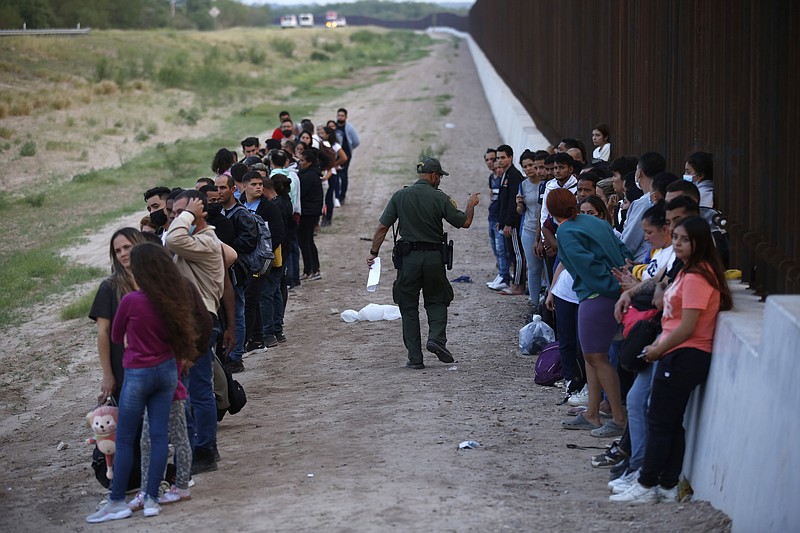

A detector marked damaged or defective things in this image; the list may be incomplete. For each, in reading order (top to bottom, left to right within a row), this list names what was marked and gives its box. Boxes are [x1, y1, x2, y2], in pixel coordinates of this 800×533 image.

rusty metal barrier [472, 0, 796, 296]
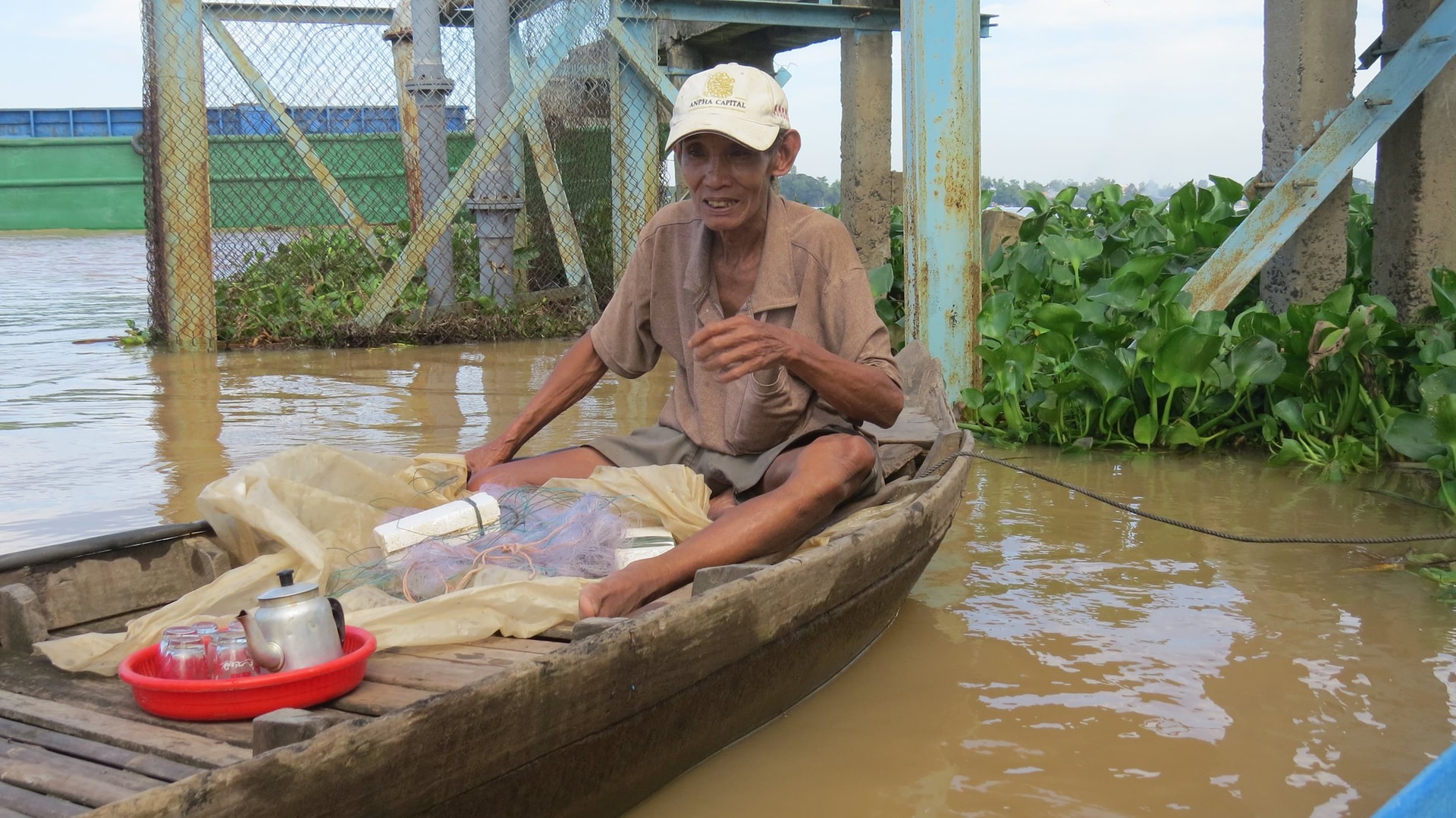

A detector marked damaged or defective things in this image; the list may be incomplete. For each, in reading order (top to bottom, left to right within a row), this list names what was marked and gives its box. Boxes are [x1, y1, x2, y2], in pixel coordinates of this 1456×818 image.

rusty metal column [149, 0, 214, 350]
rusty metal column [384, 3, 425, 227]
rusty metal column [407, 0, 457, 307]
rusty metal column [469, 0, 521, 302]
rusty metal column [902, 0, 984, 393]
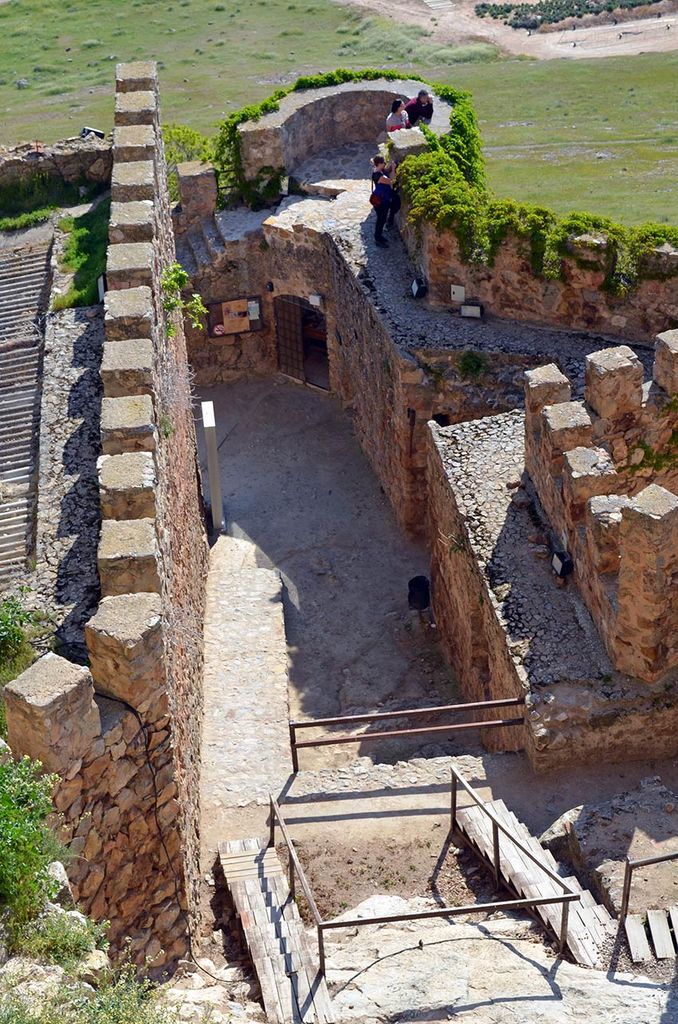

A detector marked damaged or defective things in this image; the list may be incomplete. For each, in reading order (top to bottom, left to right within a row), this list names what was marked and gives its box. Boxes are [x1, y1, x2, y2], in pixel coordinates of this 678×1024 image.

rusty metal rail [286, 696, 524, 774]
rusty metal rail [270, 774, 577, 974]
rusty metal rail [622, 847, 678, 921]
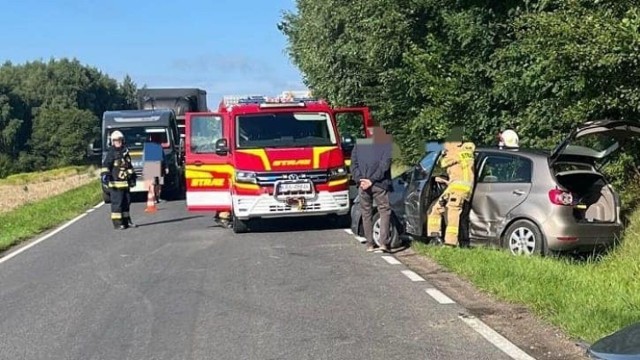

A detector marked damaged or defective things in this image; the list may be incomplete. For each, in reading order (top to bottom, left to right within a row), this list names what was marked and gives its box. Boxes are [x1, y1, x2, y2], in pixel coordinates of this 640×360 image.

damaged gray car [350, 119, 640, 255]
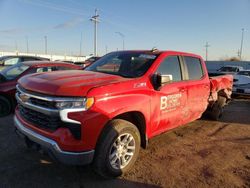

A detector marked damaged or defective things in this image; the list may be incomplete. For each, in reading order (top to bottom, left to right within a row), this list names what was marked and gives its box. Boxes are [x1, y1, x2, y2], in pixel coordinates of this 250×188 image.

crumpled hood [18, 70, 127, 97]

WHAT YOU ARE ASKED TO DO: Reproduce the data above line for line, excluding every picture.

YOUR RESPONSE:
A detector marked damaged or defective things in this image; the list may be incomplete. For each, in reading order (top to bottom, left to right within a row), this list names what was marked and gives its box. Boxes are [x1, y1, x2, y2], in pixel coordinates of this 800×533 image.

rusty metal barrier [472, 0, 796, 296]

A detector marked damaged or defective things in this image; the list may be incomplete. For each, in reading order (top to bottom, left to right within a row), this list names what was marked and gives its box. Boxes are [x1, y1, x2, y2], in pixel coordinates of this 1456×818 image.

rusty metal column [149, 0, 214, 350]
rusty metal column [384, 3, 425, 227]
rusty metal column [407, 0, 457, 307]
rusty metal column [469, 0, 521, 302]
rusty metal column [902, 0, 984, 393]

A detector marked damaged or defective things in this image; the list may be incomplete. For each, in reading order (top to bottom, left to right within a row), this list names what was marked and gives its box. Boxes are [x1, y1, x2, y2], in pixel coordinates of this 678×1024 image.

rusty metal rail [286, 696, 524, 774]
rusty metal rail [270, 774, 577, 974]
rusty metal rail [622, 847, 678, 921]

A detector marked damaged or defective things in this image; the list may be incomplete. For each, in reading order (top to bottom, left to right within a row), this list names what was marked and gives its box. Boxes are [x1, y1, x2, y2], in pixel coordinates of this 640×360 image.

damaged gray car [350, 119, 640, 255]

A detector marked damaged or defective things in this image; the list may be incomplete. For each, in reading order (top to bottom, left to right within a row), this list names what was marked and gives its box. Boxes are [x1, y1, x2, y2], in pixel coordinates of this 250×188 image.

crumpled hood [18, 70, 127, 97]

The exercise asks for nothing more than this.